Bug #531
closedMissed SNPs via CGI 1.3 to GFF conversion script
Description
In the python script which processes CGI files into our GFF format (source:server/conversion/cgi1.3_to_gff.py), certain SNPs are missed (i.e. not reported in GFF) due to the conditional statement at line 63. For example, see locus 1109 in file var-GS06985-1100-36-ASM.tsv:
locus ploidy allele chromosome begin end varType reference alleleSeq totalScore hapLink xRef
1109 2 1 chr1 47860 47861 ref A A 135 453
1109 2 1 chr1 47861 47862 snp G T 135 453 dbsnp.100:rs2531231
1109 2 2 chr1 47860 47862 sub AG GT 135 454 dbsnp.100:rs2531230;dbsnp.100:rs2531231
In this case, we should report a SNP like "alleles AT/GT;ref_allele AG". This is missed because we expect to find a line for allele 1 which matches a line for allele 2 in terms of begin/end position. In this case, however, they only match when considered in combination.

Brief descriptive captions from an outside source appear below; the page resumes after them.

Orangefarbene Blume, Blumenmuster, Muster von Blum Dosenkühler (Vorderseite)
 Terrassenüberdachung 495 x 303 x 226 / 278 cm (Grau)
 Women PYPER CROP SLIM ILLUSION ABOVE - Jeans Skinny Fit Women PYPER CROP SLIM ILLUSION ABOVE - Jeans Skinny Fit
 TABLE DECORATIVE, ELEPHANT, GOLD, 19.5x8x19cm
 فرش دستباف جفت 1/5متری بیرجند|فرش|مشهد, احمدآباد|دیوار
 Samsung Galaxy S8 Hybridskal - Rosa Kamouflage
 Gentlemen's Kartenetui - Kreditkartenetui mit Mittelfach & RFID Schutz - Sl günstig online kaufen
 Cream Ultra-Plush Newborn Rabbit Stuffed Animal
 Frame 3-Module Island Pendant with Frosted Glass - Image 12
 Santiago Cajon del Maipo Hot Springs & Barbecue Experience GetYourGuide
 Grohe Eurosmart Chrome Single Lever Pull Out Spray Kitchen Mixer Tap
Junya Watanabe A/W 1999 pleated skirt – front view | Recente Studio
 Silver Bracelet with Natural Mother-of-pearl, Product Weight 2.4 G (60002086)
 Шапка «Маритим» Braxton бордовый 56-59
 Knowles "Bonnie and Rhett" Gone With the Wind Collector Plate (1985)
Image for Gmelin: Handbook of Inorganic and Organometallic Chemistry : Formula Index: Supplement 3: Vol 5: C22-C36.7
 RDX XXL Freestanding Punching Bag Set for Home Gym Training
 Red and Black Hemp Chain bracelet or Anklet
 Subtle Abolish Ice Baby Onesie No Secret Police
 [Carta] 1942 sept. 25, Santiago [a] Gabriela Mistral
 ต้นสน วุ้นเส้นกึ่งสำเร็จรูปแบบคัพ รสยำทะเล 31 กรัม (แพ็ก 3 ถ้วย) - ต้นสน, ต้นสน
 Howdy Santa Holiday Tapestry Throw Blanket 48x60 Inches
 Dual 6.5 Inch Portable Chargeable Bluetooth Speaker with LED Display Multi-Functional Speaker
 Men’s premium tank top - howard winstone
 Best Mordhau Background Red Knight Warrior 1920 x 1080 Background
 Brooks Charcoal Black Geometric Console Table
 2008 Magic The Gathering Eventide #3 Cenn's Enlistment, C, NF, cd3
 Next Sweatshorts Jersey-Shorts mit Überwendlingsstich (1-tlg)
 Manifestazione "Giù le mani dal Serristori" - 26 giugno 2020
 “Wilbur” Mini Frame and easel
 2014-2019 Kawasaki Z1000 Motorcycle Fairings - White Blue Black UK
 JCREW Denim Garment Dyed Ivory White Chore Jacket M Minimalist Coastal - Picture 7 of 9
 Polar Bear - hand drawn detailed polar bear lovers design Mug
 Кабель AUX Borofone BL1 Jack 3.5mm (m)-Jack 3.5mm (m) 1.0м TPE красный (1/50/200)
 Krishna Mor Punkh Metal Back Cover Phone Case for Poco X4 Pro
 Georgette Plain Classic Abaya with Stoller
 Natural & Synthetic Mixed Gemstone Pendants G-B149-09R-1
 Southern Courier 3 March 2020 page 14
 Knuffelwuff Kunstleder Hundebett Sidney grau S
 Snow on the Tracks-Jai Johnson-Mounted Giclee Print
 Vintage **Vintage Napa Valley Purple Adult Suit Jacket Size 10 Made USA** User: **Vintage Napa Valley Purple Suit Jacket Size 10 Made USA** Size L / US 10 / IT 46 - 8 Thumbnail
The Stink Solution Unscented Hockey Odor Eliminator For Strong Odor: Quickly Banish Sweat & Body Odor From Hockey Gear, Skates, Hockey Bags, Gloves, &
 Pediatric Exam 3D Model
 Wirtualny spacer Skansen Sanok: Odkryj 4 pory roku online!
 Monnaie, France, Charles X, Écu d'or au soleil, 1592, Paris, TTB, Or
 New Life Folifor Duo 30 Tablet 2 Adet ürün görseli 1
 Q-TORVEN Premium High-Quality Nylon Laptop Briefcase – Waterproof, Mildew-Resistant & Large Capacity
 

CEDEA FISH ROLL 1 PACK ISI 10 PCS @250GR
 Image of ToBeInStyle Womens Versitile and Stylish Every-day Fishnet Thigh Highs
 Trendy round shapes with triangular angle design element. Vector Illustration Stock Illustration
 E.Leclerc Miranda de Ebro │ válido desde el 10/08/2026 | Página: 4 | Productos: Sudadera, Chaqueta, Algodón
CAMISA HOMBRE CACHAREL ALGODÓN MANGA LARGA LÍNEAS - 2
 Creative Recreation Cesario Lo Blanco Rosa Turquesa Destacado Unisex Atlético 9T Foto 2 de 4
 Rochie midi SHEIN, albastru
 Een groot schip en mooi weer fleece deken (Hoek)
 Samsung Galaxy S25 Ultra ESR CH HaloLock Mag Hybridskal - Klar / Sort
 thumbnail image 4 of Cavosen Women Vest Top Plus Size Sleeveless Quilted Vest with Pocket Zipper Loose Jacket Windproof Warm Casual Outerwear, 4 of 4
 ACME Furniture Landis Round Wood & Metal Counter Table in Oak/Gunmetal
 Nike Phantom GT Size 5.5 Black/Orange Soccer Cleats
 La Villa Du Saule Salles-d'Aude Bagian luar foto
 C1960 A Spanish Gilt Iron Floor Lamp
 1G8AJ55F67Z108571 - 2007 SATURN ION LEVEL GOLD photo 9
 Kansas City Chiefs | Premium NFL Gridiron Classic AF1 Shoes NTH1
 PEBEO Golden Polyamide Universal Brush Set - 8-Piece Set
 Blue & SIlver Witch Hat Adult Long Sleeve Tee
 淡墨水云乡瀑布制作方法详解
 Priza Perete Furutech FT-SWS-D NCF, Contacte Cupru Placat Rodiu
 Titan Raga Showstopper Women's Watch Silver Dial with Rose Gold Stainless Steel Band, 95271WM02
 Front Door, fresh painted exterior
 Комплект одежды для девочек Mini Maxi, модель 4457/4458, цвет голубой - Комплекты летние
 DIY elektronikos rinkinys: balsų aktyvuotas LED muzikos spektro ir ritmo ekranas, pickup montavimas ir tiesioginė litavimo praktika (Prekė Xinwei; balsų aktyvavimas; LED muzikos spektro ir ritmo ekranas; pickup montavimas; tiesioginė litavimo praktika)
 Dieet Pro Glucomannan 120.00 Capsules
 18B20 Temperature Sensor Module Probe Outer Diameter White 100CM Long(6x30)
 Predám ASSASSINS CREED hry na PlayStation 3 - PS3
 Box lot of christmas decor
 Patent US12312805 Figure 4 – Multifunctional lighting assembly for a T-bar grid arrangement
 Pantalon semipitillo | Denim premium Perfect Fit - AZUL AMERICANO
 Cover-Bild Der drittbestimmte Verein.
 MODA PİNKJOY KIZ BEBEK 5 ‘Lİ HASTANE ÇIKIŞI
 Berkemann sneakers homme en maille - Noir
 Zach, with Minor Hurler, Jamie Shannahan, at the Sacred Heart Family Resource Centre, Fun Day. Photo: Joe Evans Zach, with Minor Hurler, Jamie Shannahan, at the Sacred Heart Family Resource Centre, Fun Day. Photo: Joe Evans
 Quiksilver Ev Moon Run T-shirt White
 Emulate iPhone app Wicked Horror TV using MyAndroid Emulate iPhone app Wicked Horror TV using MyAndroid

Updated by Madeleine Ball almost 14 years ago
- Status changed from New to In Progress
- Assigned To set to Madeleine Ball
Updated by Madeleine Ball almost 14 years ago
I've pushed my fix. It still skips any het allele regions (alleles reported separately) if any part of the region is not called (even if it's just part of one allele).
Updated by Madeleine Ball over 13 years ago
- Status changed from In Progress to Resolved
- Resolution set to fixed
My fix has been pulled into the master, so I'm marking this as resolved.